With the offseason underway in New York, the Knicks will be looking to repair their image off the court in addition to finding ways to improve the product on the court. Here are five key questions facing the club:

1. What will happen with Carmelo Anthony?Carmelo Anthony vertical

Having tired of subtlety, Phil Jackson suggested outright at season’s end that Anthony, the face of the franchise for the last several years, might be better off with another team. He’s not necessarily wrong — the relationship between Anthony and the Knicks seems to have run its course, and if the club is prepared to acknowledge that a rebuild is necessary, it makes sense for Carmelo to pursue a championship elsewhere. Still, it’s the sort of comment rarely made publicly by a team executive, particularly since it could negatively impact his player’s trade value.

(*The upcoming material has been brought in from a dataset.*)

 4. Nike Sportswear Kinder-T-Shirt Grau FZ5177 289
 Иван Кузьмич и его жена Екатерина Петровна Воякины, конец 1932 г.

Despite the fact that he’s still a reliable scorer, Anthony’s value wasn’t overly high even before Jackson torpedoed it, since his contract is an onerous one, and his 15% trade kicker only makes his salary more difficult to move around. Carmelo also holds a no-trade clause, meaning that his future is ultimately in his own hands, but he appears to be increasingly open to a move, perhaps to a team like the Clippers or Cavaliers.

The Knicks are unlikely to receive too appealing a package in any Anthony deal, and trading with an over-the-cap team like L.A. and Cleveland would mean taking back a sizable chunk of salary to meet the CBA’s trade rules. But at this point, both sides could use a fresh start, and it would be somewhat surprising to see Carmelo still wearing a Knicks uniform next fall.